**Activity:** Print all the records below, word for word and in full.

********************

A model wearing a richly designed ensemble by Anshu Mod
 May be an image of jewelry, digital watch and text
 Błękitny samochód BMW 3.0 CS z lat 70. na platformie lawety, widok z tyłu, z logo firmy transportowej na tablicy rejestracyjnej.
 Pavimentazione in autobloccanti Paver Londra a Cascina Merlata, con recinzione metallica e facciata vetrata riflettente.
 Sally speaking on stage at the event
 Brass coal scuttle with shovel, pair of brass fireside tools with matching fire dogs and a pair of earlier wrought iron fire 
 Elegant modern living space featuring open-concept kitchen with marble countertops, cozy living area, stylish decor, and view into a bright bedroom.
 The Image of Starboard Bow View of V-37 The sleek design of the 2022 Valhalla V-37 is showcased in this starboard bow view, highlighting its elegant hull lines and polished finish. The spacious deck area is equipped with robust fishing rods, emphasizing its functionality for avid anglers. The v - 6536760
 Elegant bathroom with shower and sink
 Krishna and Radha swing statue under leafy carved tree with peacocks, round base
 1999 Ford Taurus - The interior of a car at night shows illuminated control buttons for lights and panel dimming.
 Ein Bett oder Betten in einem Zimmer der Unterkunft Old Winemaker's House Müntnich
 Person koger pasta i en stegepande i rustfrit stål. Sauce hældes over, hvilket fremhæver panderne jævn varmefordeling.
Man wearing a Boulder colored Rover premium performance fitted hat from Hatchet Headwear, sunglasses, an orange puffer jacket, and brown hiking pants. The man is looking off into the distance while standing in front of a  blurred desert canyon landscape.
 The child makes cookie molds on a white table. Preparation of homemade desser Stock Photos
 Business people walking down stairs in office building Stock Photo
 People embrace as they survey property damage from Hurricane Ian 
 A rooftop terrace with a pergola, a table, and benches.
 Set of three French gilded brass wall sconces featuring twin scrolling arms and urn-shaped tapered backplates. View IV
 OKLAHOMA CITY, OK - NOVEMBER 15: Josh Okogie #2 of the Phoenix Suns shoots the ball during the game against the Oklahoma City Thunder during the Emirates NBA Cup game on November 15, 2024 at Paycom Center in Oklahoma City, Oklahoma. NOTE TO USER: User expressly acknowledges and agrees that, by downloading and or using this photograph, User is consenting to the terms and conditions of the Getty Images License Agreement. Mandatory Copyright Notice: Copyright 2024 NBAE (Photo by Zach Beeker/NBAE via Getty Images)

********************

**Task result:**
A model wearing a richly designed ensemble by Anshu Mod
 May be an image of jewelry, digital watch and text
 Błękitny samochód BMW 3.0 CS z lat 70. na platformie lawety, widok z tyłu, z logo firmy transportowej na tablicy rejestracyjnej.
 Pavimentazione in autobloccanti Paver Londra a Cascina Merlata, con recinzione metallica e facciata vetrata riflettente.
 Sally speaking on stage at the event
 Brass coal scuttle with shovel, pair of brass fireside tools with matching fire dogs and a pair of earlier wrought iron fire 
 Elegant modern living space featuring open-concept kitchen with marble countertops, cozy living area, stylish decor, and view into a bright bedroom.
 The Image of Starboard Bow View of V-37 The sleek design of the 2022 Valhalla V-37 is showcased in this starboard bow view, highlighting its elegant hull lines and polished finish. The spacious deck area is equipped with robust fishing rods, emphasizing its functionality for avid anglers. The v - 6536760
 Elegant bathroom with shower and sink
 Krishna and Radha swing statue under leafy carved tree with peacocks, round base
 1999 Ford Taurus - The interior of a car at night shows illuminated control buttons for lights and panel dimming.
 Ein Bett oder Betten in einem Zimmer der Unterkunft Old Winemaker's House Müntnich
 Person koger pasta i en stegepande i rustfrit stål. Sauce hældes over, hvilket fremhæver panderne jævn varmefordeling.
Man wearing a Boulder colored Rover premium performance fitted hat from Hatchet Headwear, sunglasses, an orange puffer jacket, and brown hiking pants. The man is looking off into the distance while standing in front of a  blurred desert canyon landscape.
 The child makes cookie molds on a white table. Preparation of homemade desser Stock Photos
 Business people walking down stairs in office building Stock Photo
 People embrace as they survey property damage from Hurricane Ian 
 A rooftop terrace with a pergola, a table, and benches.
 Set of three French gilded brass wall sconces featuring twin scrolling arms and urn-shaped tapered backplates. View IV
 OKLAHOMA CITY, OK - NOVEMBER 15: Josh Okogie #2 of the Phoenix Suns shoots the ball during the game against the Oklahoma City Thunder during the Emirates NBA Cup game on November 15, 2024 at Paycom Center in Oklahoma City, Oklahoma. NOTE TO USER: User expressly acknowledges and agrees that, by downloading and or using this photograph, User is consenting to the terms and conditions of the Getty Images License Agreement. Mandatory Copyright Notice: Copyright 2024 NBAE (Photo by Zach Beeker/NBAE via Getty Images)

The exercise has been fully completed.